Restate only the tail of the data below, starting at the line that contains "Cerana Ii 33" and including the last line, word for word.
:::::
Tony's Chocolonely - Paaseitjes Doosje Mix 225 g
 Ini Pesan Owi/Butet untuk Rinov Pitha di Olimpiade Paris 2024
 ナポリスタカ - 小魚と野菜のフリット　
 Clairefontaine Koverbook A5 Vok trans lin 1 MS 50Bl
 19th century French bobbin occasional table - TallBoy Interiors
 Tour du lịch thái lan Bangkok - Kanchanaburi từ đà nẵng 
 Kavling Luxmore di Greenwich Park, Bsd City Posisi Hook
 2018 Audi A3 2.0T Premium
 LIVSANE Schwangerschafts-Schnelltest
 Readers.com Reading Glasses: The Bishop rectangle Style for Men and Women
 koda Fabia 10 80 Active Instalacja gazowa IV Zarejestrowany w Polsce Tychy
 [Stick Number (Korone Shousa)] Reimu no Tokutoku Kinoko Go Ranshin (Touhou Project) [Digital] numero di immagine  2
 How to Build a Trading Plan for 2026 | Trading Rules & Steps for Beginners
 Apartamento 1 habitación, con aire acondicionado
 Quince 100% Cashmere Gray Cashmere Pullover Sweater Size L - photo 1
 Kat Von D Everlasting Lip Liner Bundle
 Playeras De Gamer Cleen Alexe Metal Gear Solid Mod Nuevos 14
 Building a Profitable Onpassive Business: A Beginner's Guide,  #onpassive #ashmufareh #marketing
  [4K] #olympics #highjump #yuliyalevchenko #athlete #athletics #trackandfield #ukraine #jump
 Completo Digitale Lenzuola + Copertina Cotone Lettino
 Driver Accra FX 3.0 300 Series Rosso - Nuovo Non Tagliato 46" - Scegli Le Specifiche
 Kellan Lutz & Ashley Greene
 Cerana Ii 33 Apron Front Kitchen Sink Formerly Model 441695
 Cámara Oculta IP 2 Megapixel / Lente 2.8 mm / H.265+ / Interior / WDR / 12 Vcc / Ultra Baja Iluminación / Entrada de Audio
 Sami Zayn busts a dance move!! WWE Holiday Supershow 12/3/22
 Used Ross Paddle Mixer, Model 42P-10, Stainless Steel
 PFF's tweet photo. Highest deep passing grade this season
:::::
● **Answer box**
 Cerana Ii 33 Apron Front Kitchen Sink Formerly Model 441695
 Cámara Oculta IP 2 Megapixel / Lente 2.8 mm / H.265+ / Interior / WDR / 12 Vcc / Ultra Baja Iluminación / Entrada de Audio
 Sami Zayn busts a dance move!! WWE Holiday Supershow 12/3/22
 Used Ross Paddle Mixer, Model 42P-10, Stainless Steel
 PFF's tweet photo. Highest deep passing grade this season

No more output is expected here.